The fixed effects structure of the model included the relative distance between the two targets on the y axis (henceforth: RelativeY), the relative distance between the two targets on the x axis (henceforth: RelativeX), and a categorical predictor for condition (henceforth: Condition), as well as all interactions. The demonstrative word chosen to refer to T1 was used as outcome variable in the model. The distal demonstrative (that) was set as reference level, while the proximal form (this) was coded as success outcome.

The random effect structure included random intercepts for each participant as well as random slopes for RelativeY. The decision to only include slopes for RelativeY was made during the preregistration phase. The rationale was to keep the random effects structure simple enough to avoid potential convergence issues and therefore post-hoc adaptations of the model, while still accounting for between-participant variability in sensitivity to the expectedly most prominent effect.

Parameters were estimated using maximum likelihood estimation with Laplace approximation. The power simulation for the model is reported in the preregistration, yielding 70–100% power for fixed effects and two-way interactions. Planned contrasts for the categorical predictor Condition compared the participant’s behavior in the baseline condition with cumulative behavior in the social conditions, as well as the complementary condition against the collaborative condition.

Expected effects

On the basis of the hypotheses outlined above, we expected a negative main effect of RelativeY. More specifically, we hypothesized that the further away from the speaker T1 was on the sagittal plane, the less likely this target would be labelled as “proximal”.

Additionally, we expected a positive main effect of RelativeX. This effect would indicate that the more to the speaker’s right T1 was relative to T2, the more likely T1 would be labelled as “proximal”.

These effects would support the hypothesis that proximal/distal encoding is linked to manual affordances of the referent. Additionally, we expected RelativeX to interact with Condition. This indicates that the right-ward bias expressed by the effect of RelativeX would be significantly less pronounced in the collaborative conditions. In this condition, we expected targets located closer to the partner – that is, more to the participant’s left – to be relatively more likely to be labelled as proximal than in individual or non-collaborative social contexts. Given the binary nature of the outcome (proximal vs. distal), this prediction can equivalently be expressed in terms of right-ward targets being more likely to be labelled as distal in the collaborative condition, compared to individual or non-collaborative social contexts.

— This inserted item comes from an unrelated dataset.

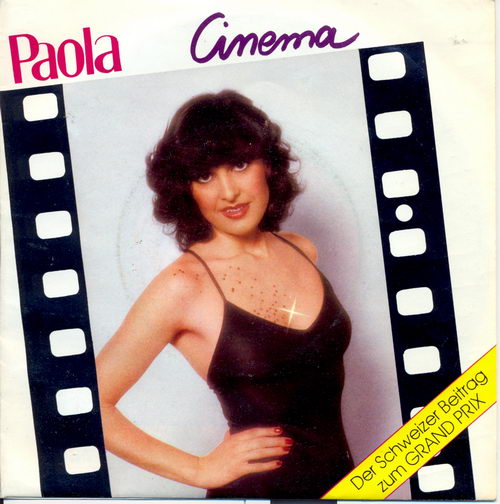 Paola - Cinema (franz. gesungen)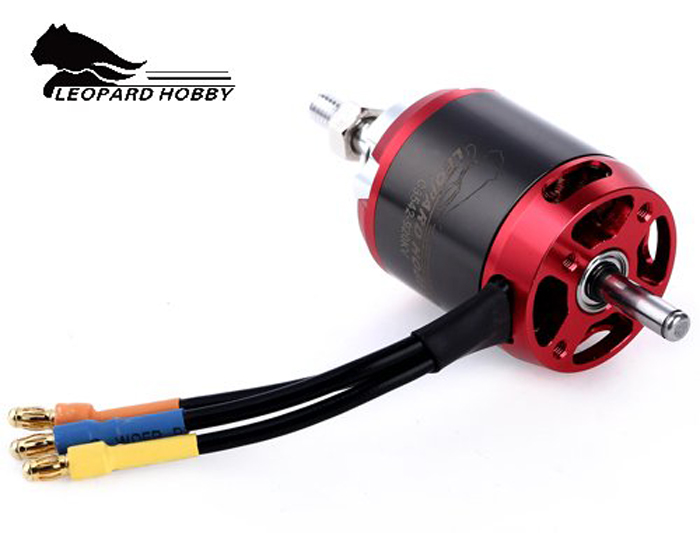 ¾Ë¾¾¹ðÅ© Leopard LC3542-10T 560KV Outrunner Brushless Motor (Prop 15-16) 3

Detecting this effect would support the hypothesis that, in contexts of collaborative interaction, manual biases are modulated by social affordances.

Results

Main effects of distance on the sagittal and lateral axes

Figure 3 displays the proportion of proximal demonstratives as a function of RelativeY and RelativeX across conditions.

Figure 3
figure 3

Proportion of proximal demonstratives used to denote T1 as a function of its distance from the competing target (T2) on the sagittal (left) and lateral (right) axis across all conditions. As T1 moves further away from the participant on the sagittal axis, that is as the value of RelativeY increases, the probability of participants coding it as proximal decreases. As T1 moves further to the participant’s right, that is as the value of RelativeX increases, the probability of participants coding it as proximal increases, speaking in favour of a right-lateralized bias for proximal space.

The proportion of proximal demonstratives decreases as RelativeY increases, i.e. as T1 moves further away from the speaker on the sagittal axis relative to T2. Additionally, Fig. 3 displays an increase in proportion of proximal demonstratives as a function of an increase in the value of RelativeX, i.e. as T1 moves further to the participant’s right.

The mixed effects logistic regression model with RelativeX, RelativeY and Condition as predictors, and including all interactions, confirms the statistical reliability of these patterns. The model displays a significant effect of RelativeY, β = −2.59, se = 0.27, z = −9.69, p < 0.001 and of RelativeX, β = 0.32, se = 0.02, z = 16.78, p < 0.001.

Taken together, the effects of relative distance of targets on the sagittal and lateral plane are in line with the idea that proximal space is intrinsically linked to manual affordances. As distance from the pointing hand decreases, objects become more likely to be identified as proximal.

Effect of social manipulations

Planned contrasts reveal a significant interaction between RelativeX and Condition when comparing the complementary and collaborative condition, β = 0.05, se = 0.02, z = 2.17, p = 0.03. No such effect is observed when cumulatively comparing the baseline to the social conditions, β = −0.001, se = 0.01, z = − 0.08, p = 0.936.

The interaction between RelativeY and Condition reaches statistical significance both in the contrast between the baseline and the two social conditions, β = −0.07, se = 0.03, z = −2.51, p = 0.012, and between the complementary and collaborative condition, β = −0.11, se = 0.05, z = − 2.45, p = 0.014. None of the three-way interactions reached statistical significance.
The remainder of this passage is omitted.